Popular toastie spot aims to make Thomas Street ‘home’

In March 2021, bar managers Jack Brennan and Jacob Long were furloughed from their jobs. While Covid shut down businesses all over Ireland, a new one began in Malahide, Co Dublin.  

“Me and Jacob had no jobs, and we thought ‘what will we do, what will we do? We’ll rent a food truck. What will we sell? We’ll sell toasted ham and cheese sandwiches – everyone likes toasted ham and cheese sandwiches. We started in Malahide, simple as that.

“It was literally something to get us through,” Jack Brennan tells The Liberty. 

The first food truck was set up on a friend’s front garden, next to Malahide beach. 

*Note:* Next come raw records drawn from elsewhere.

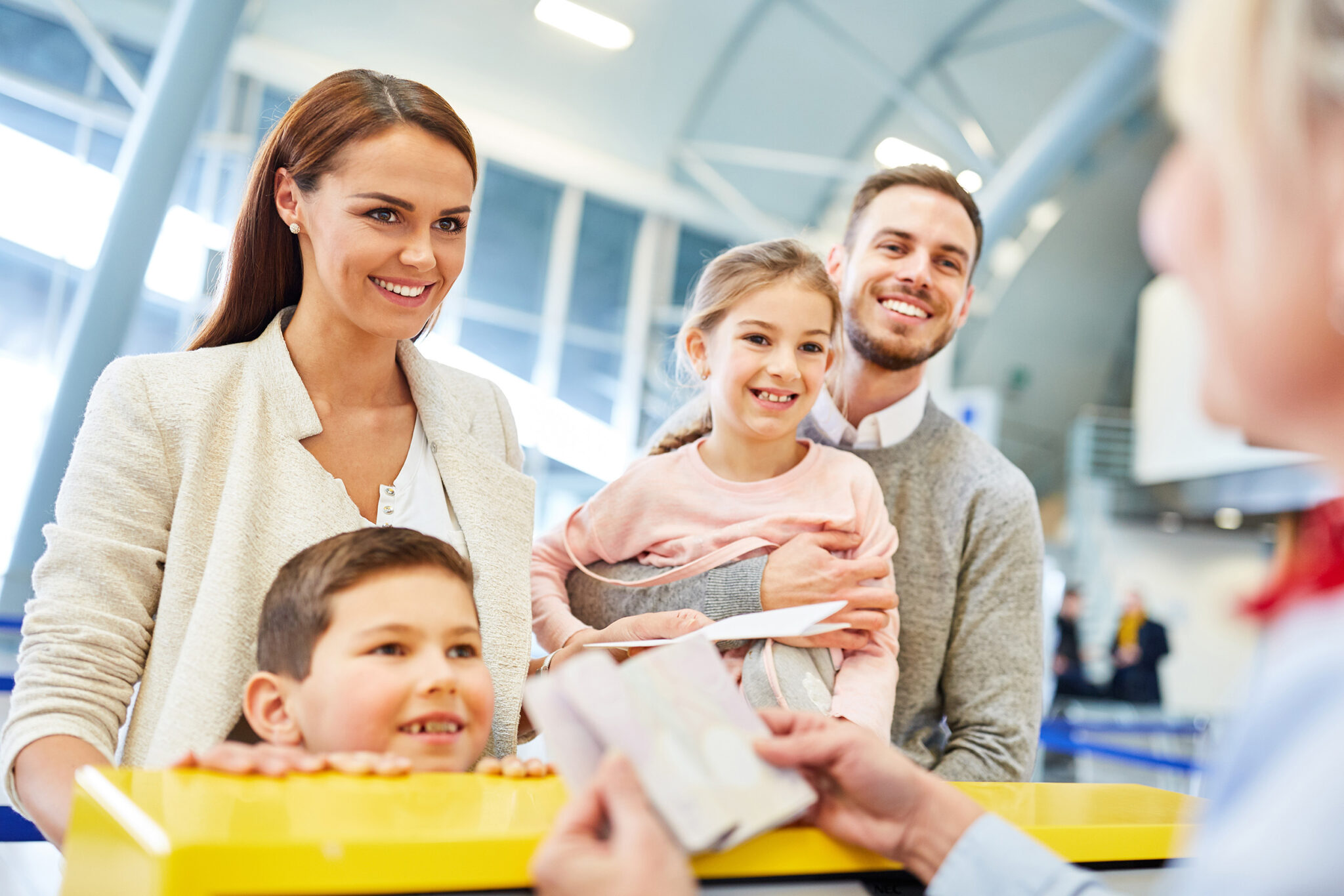 AdobeStock_343526885_web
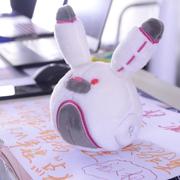 Sui的个人资料头像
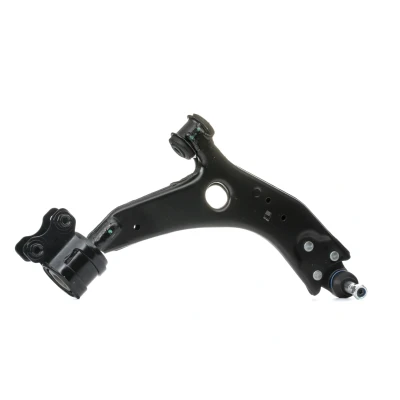 Imagen de REINHOCH RH04 4010 Barra oscilante, suspensión de ruedas Eje delantero, derecha, debajo Brazo oscilante transversal 21 FORD: Focus 2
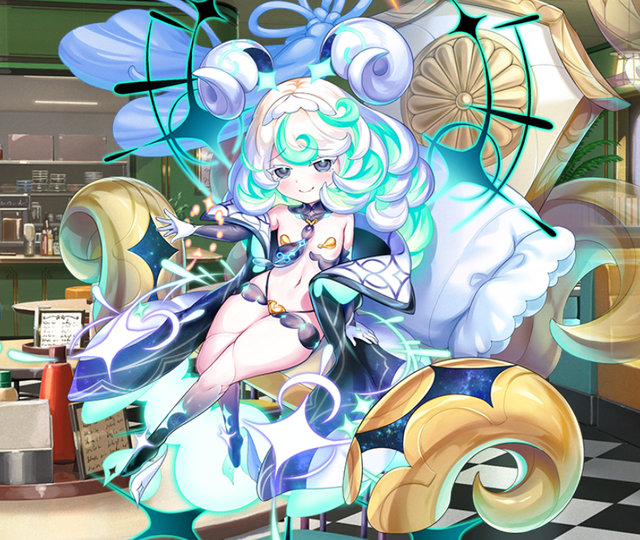 【画像】日本のソシャゲ、流石にアウトな口リを実装ｗｗｗｗｗｗｗｗｗ | 【画像】日本のソシャゲ、流石にアウトな口リを実装ｗｗｗｗｗｗｗｗｗ | 【画像】日本のソシャゲ、流石にアウトな口リを実装ｗｗｗｗｗｗｗｗｗ | 【画像】日本のソシャゲ、流石にアウトな口リを実装ｗｗｗｗｗｗｗｗｗ | 【画像】日本のソシャゲ、流石にアウトな口リを実装ｗｗｗｗｗｗｗｗｗ | やっちまった速報(画像11045837666584_5)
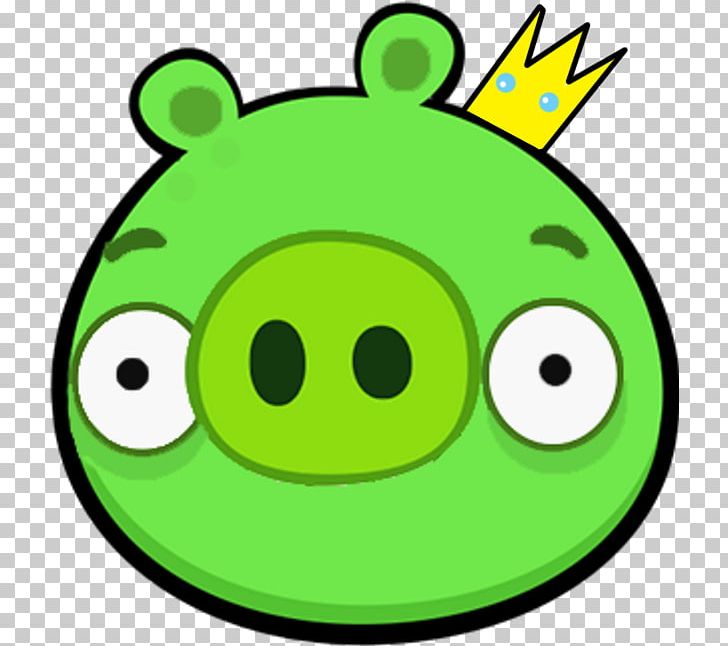 Bad Piggies Angry Birds 2 Angry Birds Fight! Angry Birds Epic PNG, Clipart, Amphibian, Android, Angry, Angry Birds, Angry Birds 2 Free PNG Download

A temporary idea to get through the early days of the pandemic soon turned into a local favourite.  

“It kind of exploded from day one, you know what I mean? The queues went around the garden. We’re both fairly entrepreneurial, we both thought ‘maybe we have a little brand here’”, Brennan says.  

When they opened the first Griolladh they “rented a van and said to the man ‘We’ll give it back in September, we won’t need it after that.’ We thought life would be back to normal.”  

“This is gonna be our Griolladh home.”

Griolladh owners Jack Brennan and Jacob Long (Photo courtesy of Griolladh Instagram Page)

Griolladh made a name for itself quickly, and it wasn’t long until an opportunity for expansion came along. The Globe bar, South Great George’s Street, offered them a chance to set up a second location.  

“The Globe got onto us after the €10 meal thing, and asked if we would come in. That was our first step into a new thing, and then other people started reaching out.” 

Since then, they have opened over six locations, with Thomas Street becoming their first brick-and-mortar spot. While food trucks have popped up across Dublin, Griolladh is set to open its first café in the heart of the Liberties, in the premises of the old butcher shop beside Mannings Bakery on Thomas Street.  

“People are getting back to their old habits. They wanna sit inside, they wanna be served. We always knew that we were gonna have to go into a café market if we wanted to make it last. The unit suited what we wanted. It’s gonna be a production unit in the back, and a café in the front.” 

It’s going to be a busy kitchen. “This is gonna be our Griolladh home. That’s why we picked it. If you look at the menu, all of the meats and fillings are cooked by us. All of the sauces are blended by us. So everything is made from scratch,” Brennan says.  

Picture of future location provided by Alex Curran

With their business venture gaining traction, Brennan says that he and his partner have left the bar life behind them. “We’ve gone full time with Griolladh. We might do odd bits here and there, but Griolladh is our number one priority.”  

While their growth is evident, the pair have built their success themselves, accomplishing their goals without investment. “It was all financed by ourselves, through the business,” explains Brennan.  “We didn’t take any outsider money, or anything like that. It was great.” 

Griolladh was recently nominated for the Food and Wine’s Food Truck of the Year award, which was won by Misunderstood Heron. 

Brennan insists the vans will still “definitely be put to use” as they make the move indoors. 

“We’ll keep the vans. I don’t know, it really depends on how well it works. It might become a seasonal thing. We own the vans.” 

As of now, Griolladh has given no date on when it plans to open its new café.